Stainless Steel A2 vs A4 or 304 vs 316
At Boat Fittings the vast majority of our stainless steel fasteners (nuts, bolts and washers) as well as our shackles, cleats hinges and deck fittings are 316 (sometimes called A4) and more generally known as Marine Grade Stainless Steel. In our experience no commonly used stainless steel is absolutely 100% guaranteed not to suffer from any staining (ie light surface rust) when subjected to marine (ie salt water) conditions for an extended period of time.
That said, there are two main classifications of stainless steel commonly available and in use. These are called A2 and A4. A2 is also known as 304, whereas A4 is also known as 316. When buying stainless steel for external marine use (on the outside of our boat) we should choose A4 (316) if we want it to keep it’s shiny stain-free appearance over the seasons.
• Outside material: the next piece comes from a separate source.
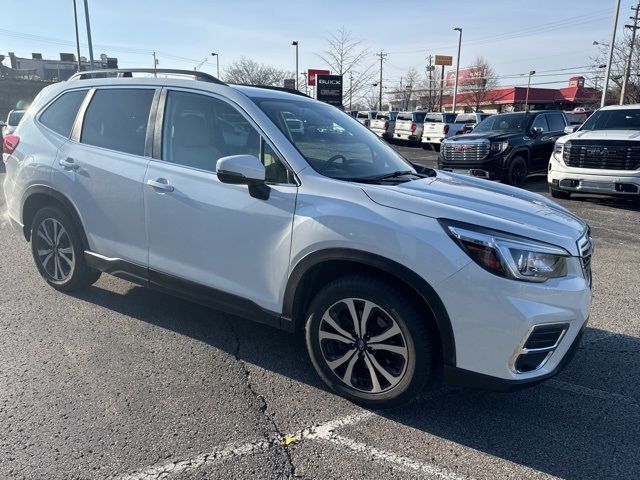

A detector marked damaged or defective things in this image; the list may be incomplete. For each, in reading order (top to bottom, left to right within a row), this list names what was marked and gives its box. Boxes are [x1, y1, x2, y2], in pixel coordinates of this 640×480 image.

If we use A2 stainless parts on the outside of our boat it will only be a matter of time before some degree of surface rust (staining) becomes visible like in the photograph below.
For internal fittings and fixtures (ie on the inside of the boat) as long as they are not likely to be submerged in areas of the bilges, A2 fixings and fittings are less likely to be an issue. This is the reason that a few of the hinges that we sell at boatfittings.co.uk are A2 grade and these would be generally fine for inside lockers, chart table lids etc. We would not recommend them for external marine use unless a degree of staining is acceptable. This is more often a cosmetic issue rather than a structural or functional problem.
For some reasons in the manufacturing supply chain it is more common for cast components (eg cleats, fairleads and the thicker types of hinges) to be made from 316 stainless, where as parts made from thinner-wall stainless steel which are bent or pressed into their final shape are more commonly available in 304 (ie not marine-grade).